A ministra da Secretaria Nacional de Direitos Humanos, Maria do Rosário, que entregou à família o novo documento, disse que o antigo atestado de óbito “foi escrito pela caneta dos que tinham o poder”. Para o filho de Vlado, Ivo Herzog, o reconhecimento por parte do Estado pela morte de seu pai “significa enterrar um documento mentiroso que nos humilhava”.
O Estado brasileiro foi denunciado pela Organização dos Estados Americanos (OEA), em março de 2012, por não apurar as circunstâncias da morte do jornalista (já rejeitada a tese de suicídio), bem como punir os culpados. O Governo Federal, por sua vez, defendeu-se com base na Lei da Anistia, que impede punições aos agentes estatais responsáveis pela repressão.

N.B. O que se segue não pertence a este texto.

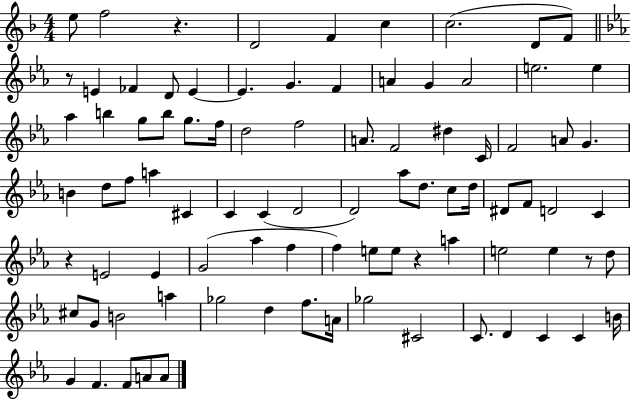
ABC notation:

X:1
T:Untitled
M:4/4
L:1/4
K:F
e/2 f2 z D2 F c c2 D/2 F/2 z/2 E _F D/2 E E G F A G A2 e2 e _a b g/2 b/2 g/2 f/4 d2 f2 A/2 F2 ^d C/4 F2 A/2 G B d/2 f/2 a ^C C C D2 D2 _a/2 d/2 c/2 d/4 ^D/2 F/2 D2 C z E2 E G2 _a f f e/2 e/2 z a e2 e z/2 d/2 ^c/2 G/2 B2 a _g2 d f/2 A/4 _g2 ^C2 C/2 D C C B/4 G F F/2 A/2 A/2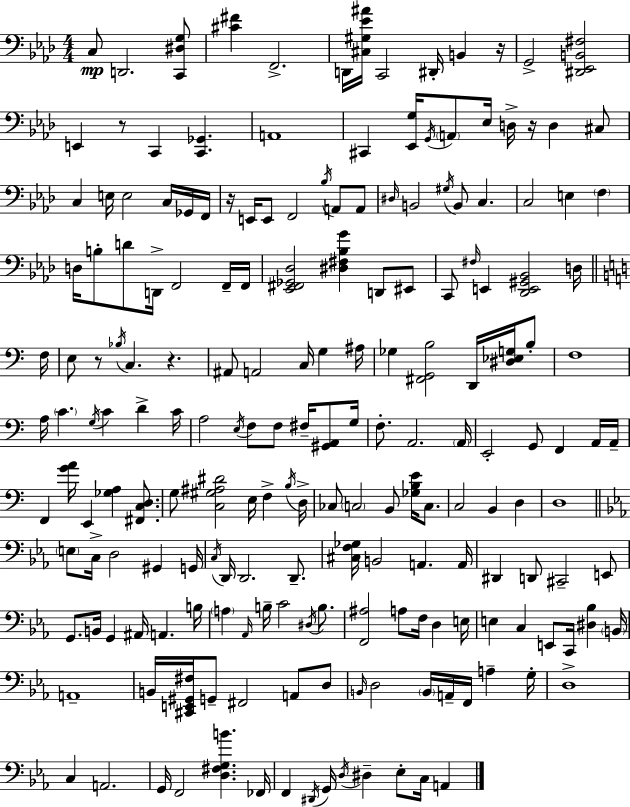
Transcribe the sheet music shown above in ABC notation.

Sendo assim, a Comissão Interamericana de Direitos Humanos da OEA, baseada em jurisprudência da Corte Interamericana, que estabelece como inadmissíveis disposições de anistia destinadas a impedir a investigação e a punição dos responsáveis por violações de direitos humanos, como a tortura, execuções sumárias, prisões e desaparecimentos forçados, anunciou oficialmente, em janeiro deste ano, que vai abrir investigação por conta própria para apurar os fatos e os responsáveis pelo assassinato.

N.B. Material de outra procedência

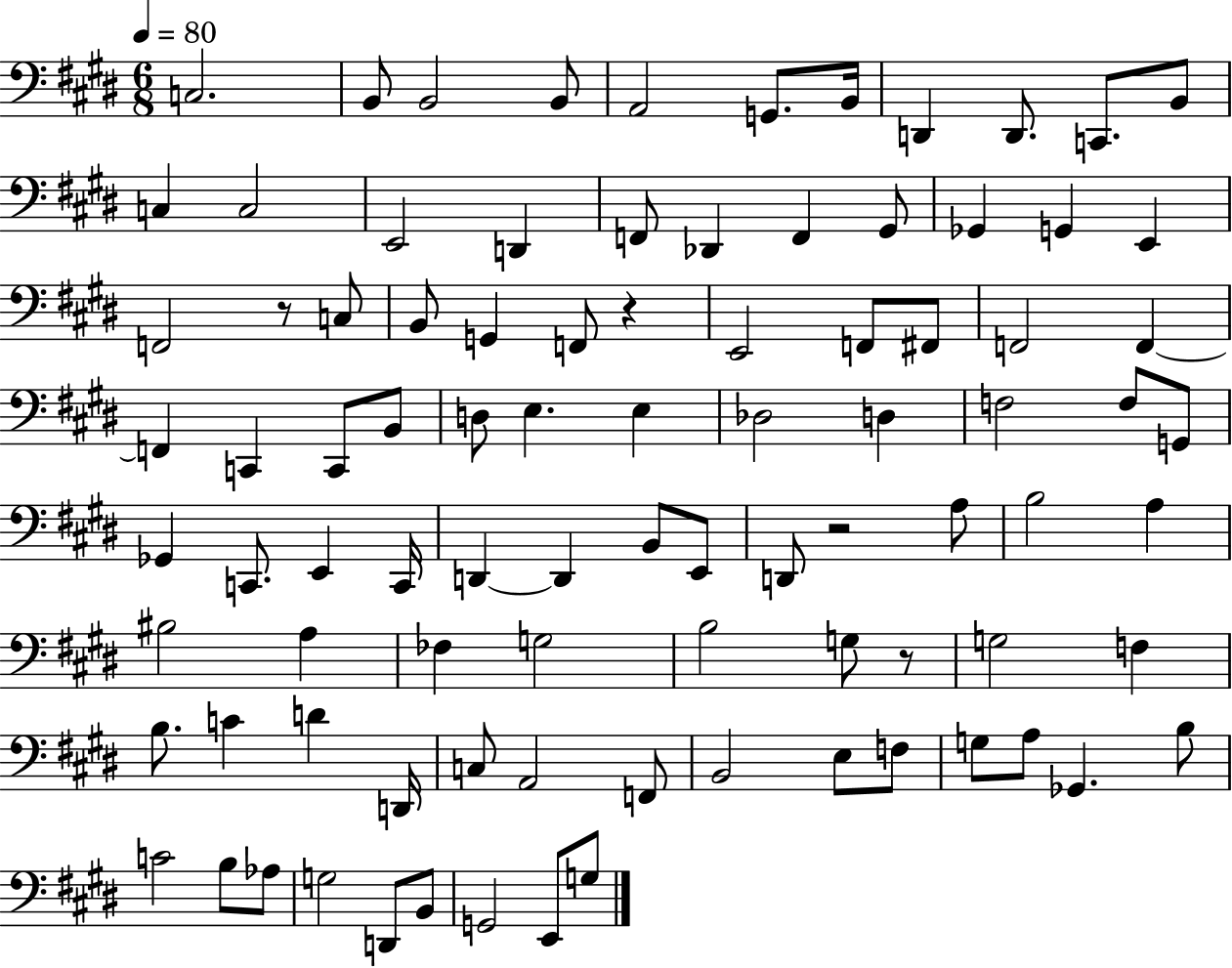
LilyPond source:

{
  \clef bass
  \numericTimeSignature
  \time 6/8
  \key e \major
  \tempo 4 = 80
  c2. | b,8 b,2 b,8 | a,2 g,8. b,16 | d,4 d,8. c,8. b,8 | \break c4 c2 | e,2 d,4 | f,8 des,4 f,4 gis,8 | ges,4 g,4 e,4 | \break f,2 r8 c8 | b,8 g,4 f,8 r4 | e,2 f,8 fis,8 | f,2 f,4~~ | \break f,4 c,4 c,8 b,8 | d8 e4. e4 | des2 d4 | f2 f8 g,8 | \break ges,4 c,8. e,4 c,16 | d,4~~ d,4 b,8 e,8 | d,8 r2 a8 | b2 a4 | \break bis2 a4 | fes4 g2 | b2 g8 r8 | g2 f4 | \break b8. c'4 d'4 d,16 | c8 a,2 f,8 | b,2 e8 f8 | g8 a8 ges,4. b8 | \break c'2 b8 aes8 | g2 d,8 b,8 | g,2 e,8 g8 | \bar "|."
}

Um novo marco jurídico pode estar sendo aberto no tocante aos crimes da Ditadura Militar no Brasil. “Essa decisão não favorece só a minha família. Beneficia muitas famílias que vivem situações semelhantes”, afirmou Ivo Herzog.
Jornalistas perseguidos, torturados e mortos
“O direito à informação foi violentado de forma brutal na Ditadura, com prisões, empastelamento de jornais, exílio e a morte de muitos companheiros jornalistas”, atestou Rose Nogueira, integrante da Comissão Nacional da Verdade dos Jornalistas, após assinar convênio de cooperação com a Comissão Nacional da Verdade (CNV), no último dia 25 de março. A Comissão foi criada pela Federação Nacional dos Jornalistas (Fenaj) no Congresso da categoria, em Rio Branco, no Acre, em dezembro passado.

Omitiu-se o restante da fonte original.